Each website or shell command to be monitored constitutes a “job”.

The instructions for each such job are contained in a config file in the YAML format, accessible with the urlwatch --edit command. If you get an error, set your $EDITOR (or $VISUAL) environment variable in your shell with a command such as export EDITOR=/bin/nano.

Typically, the first entry (“key”) in a job is a name, which can be anything you want and helps you identify what you’re monitoring.

The second key is one of either url, navigate or command:

  • url retrieves what is served by the web server,
  • navigate handles more web pages requiring JavaScript to display the content to be monitored, and
  • command runs a shell command.

You can then use optional keys to finely control various job’s parameters.

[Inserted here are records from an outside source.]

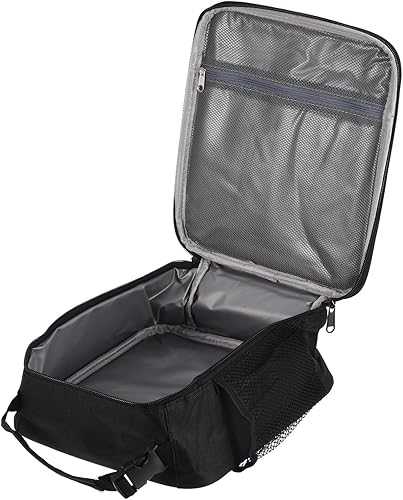 Miniatura 5 de PATIKIL Lonchera aislada, lonchera impermeable con bolsillosasa, bolsa de almuerzo portátil para oficina, trabajo, picnic al aire libre, color negro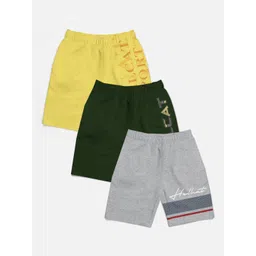 HELLCAT Boys Pack of 3 Mid-Rise Typographic Printed Cotton Shorts-picture-31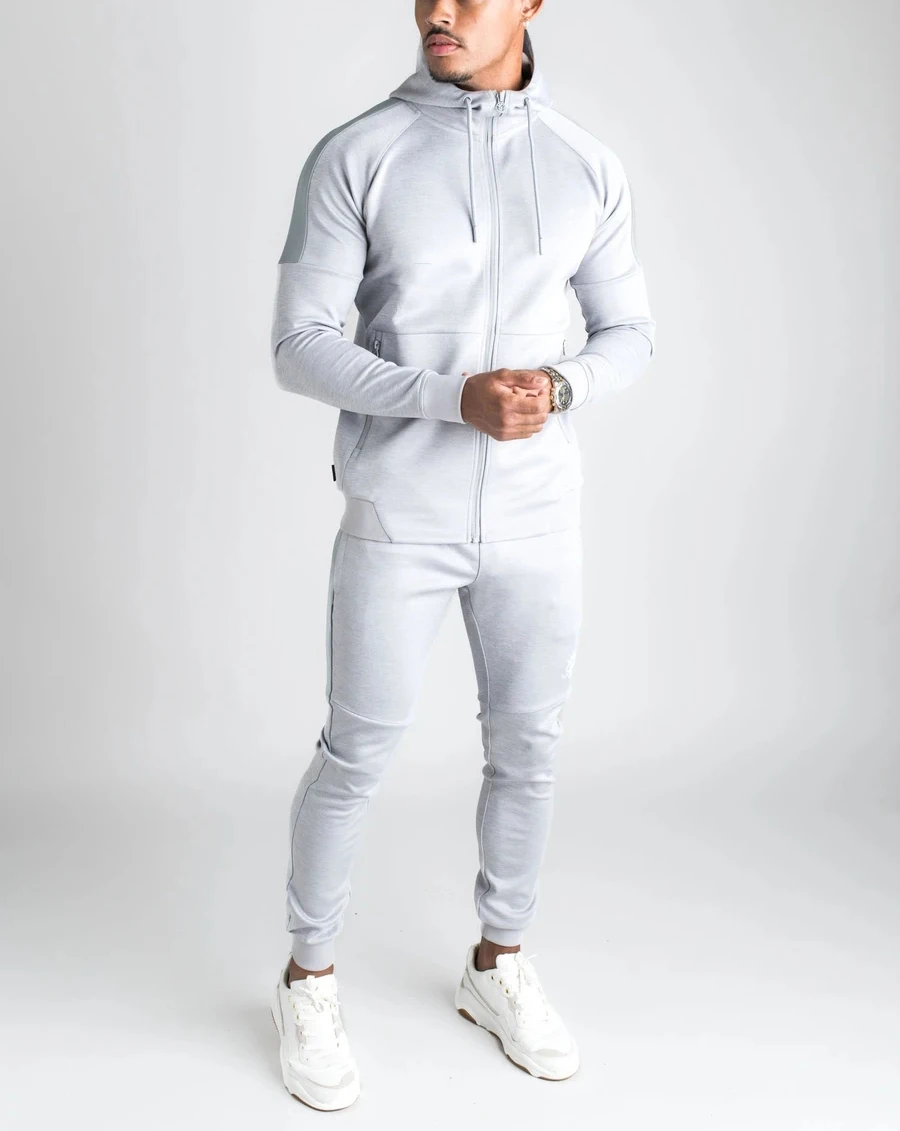 White Sportswear Mens Training Tracksuits 2 Piece Set Outdoor Running ...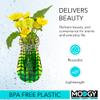 MODGY Expandable Flower Vase Plastic Decorative Modern Vases for Flowers Kitchen Window Decor Living Room Bathroom Office, W/Suction Cup, Louis C. Tiffany Green Lotus Pagoda, 7.5x4 view 3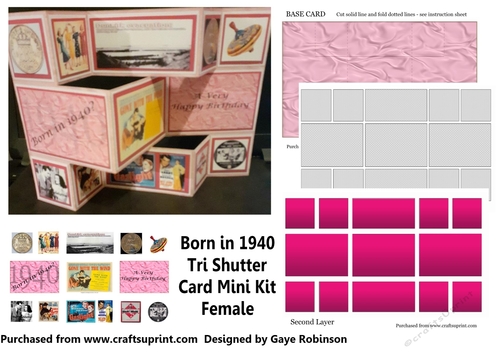 Born in 1940 Female, Tri Shutter card Mini Kit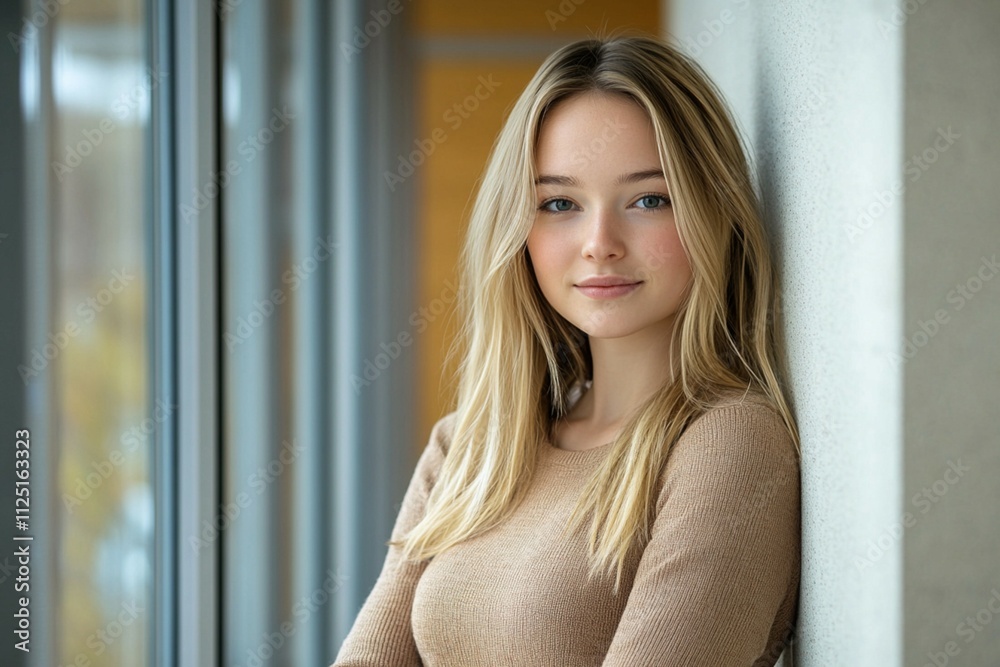 A beautiful young woman in college leans against a wall, her eyes fixed on the camera. A beautiful young woman in college leans against a wall, her eyes fixed on the camera.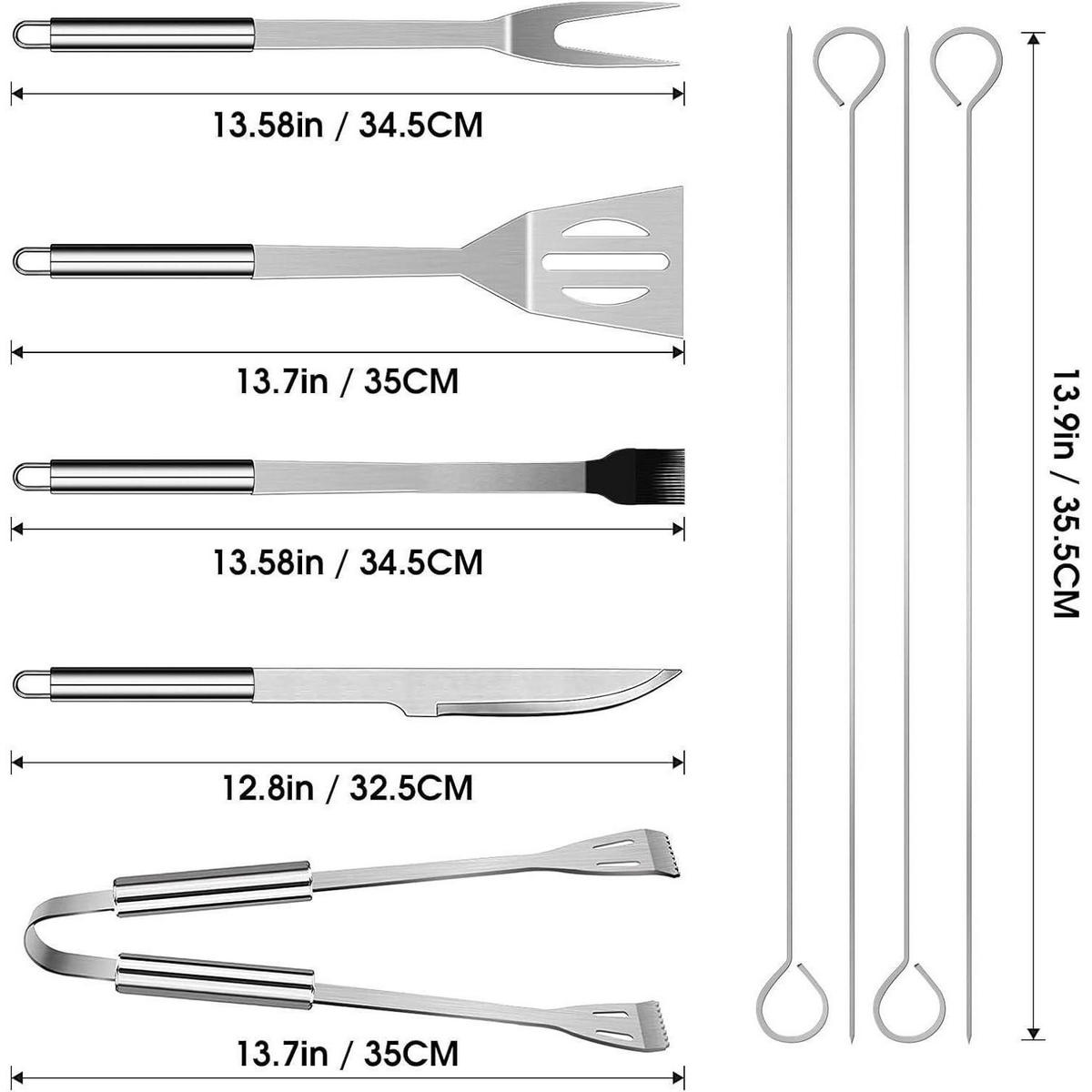 GRILLBESTECK 9-teiliges Set Edelstahl mit Tasche - Silberfarben, Metall (38.5cm)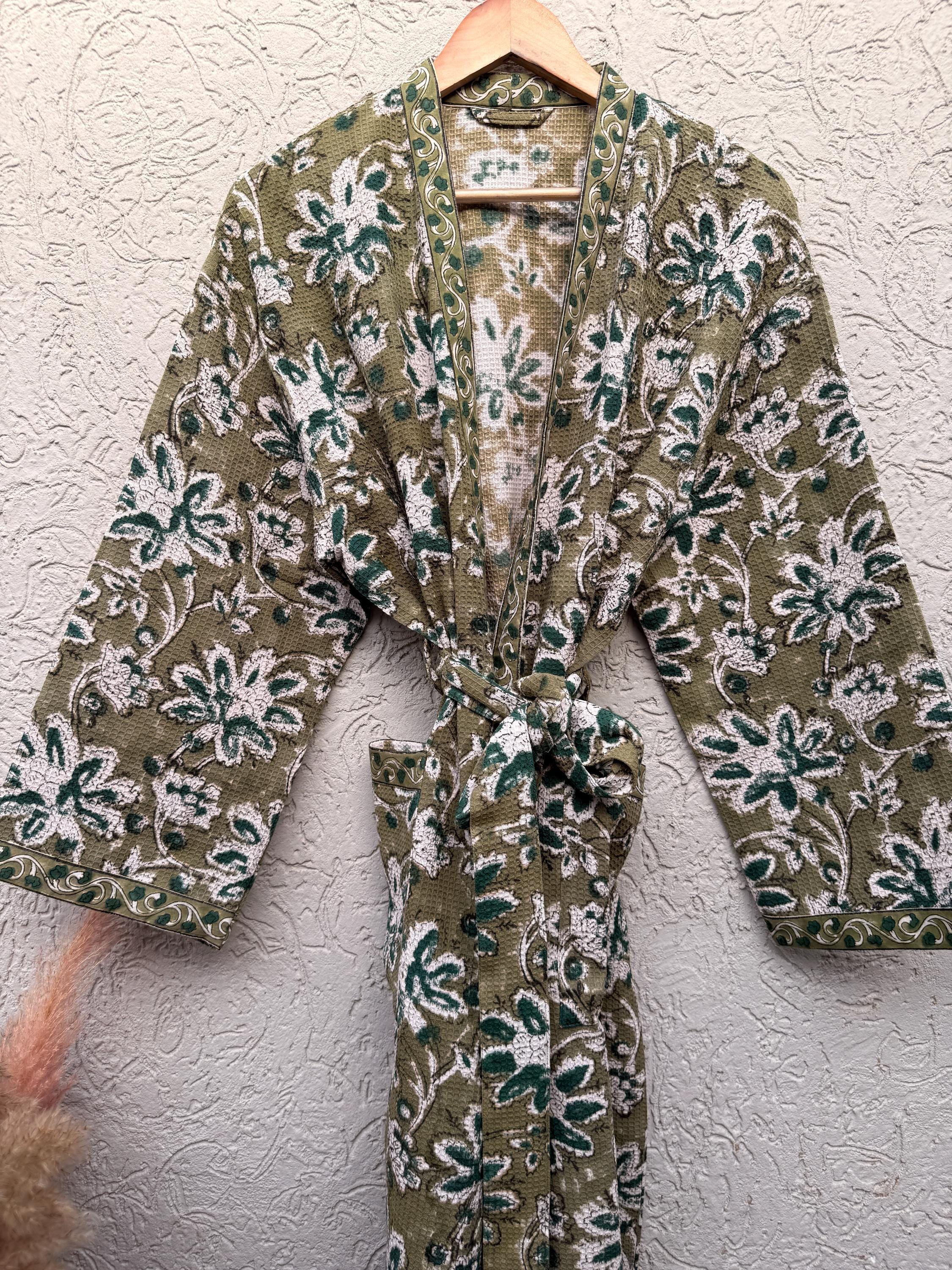 Hand Block Print Waffle Bathrobe | Green Floral Cotton Kimono Robe | Lightweight Spa Robe for Women | Soft Lounge Wear | Bridal Gift Robe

Finally, you often use the filter key to select one or more filters to apply to the data after it is retrieved, to:

  • select HTML: css, xpath, element-by-class, element-by-id, element-by-style, element-by-tag
  • make HTML more readable: html2text, beautify
  • make PDFs readable: pdf2text
  • make JSON more readable: format-json
  • make iCal more readable: ical2text
  • make binary readable: hexdump
  • just detect changes: sha1sum
  • edit text: grep, grepi, strip, sort

These filters can be chained. As an example, after retrieving an HTML document by using the url key, you can extract a selection with the xpath filter, convert this to text with html2text, use grep to extract only lines matching a specific regular expression, and then sort them:

name: "Sample urlwatch job definition"
url: "https://example.dummy/"
https_proxy: "http://dummy.proxy/"
max_tries: 2
filter:
  - xpath: '//section[@role="main"]'
  - html2text:
      method: pyhtml2text
      unicode_snob: true
      body_width: 0
      inline_links: false
      ignore_links: true
      ignore_images: true
      pad_tables: false
      single_line_break: true
  - grep: "lines I care about"
  - sort:
---

If you have more than one job, per YAML specifications, you separate them with a line containing only ---.

Reporters

urlwatch can be configured to do something with its report besides (or in addition to) the default of displaying it on the console, such as one or more of:

  • email (using SMTP)
  • email using mailgun
  • slack
  • discord
  • pushbullet
  • telegram
  • matrix
  • pushover
  • stdout
  • xmpp

Reporters are configured in a separate file, see Configuration.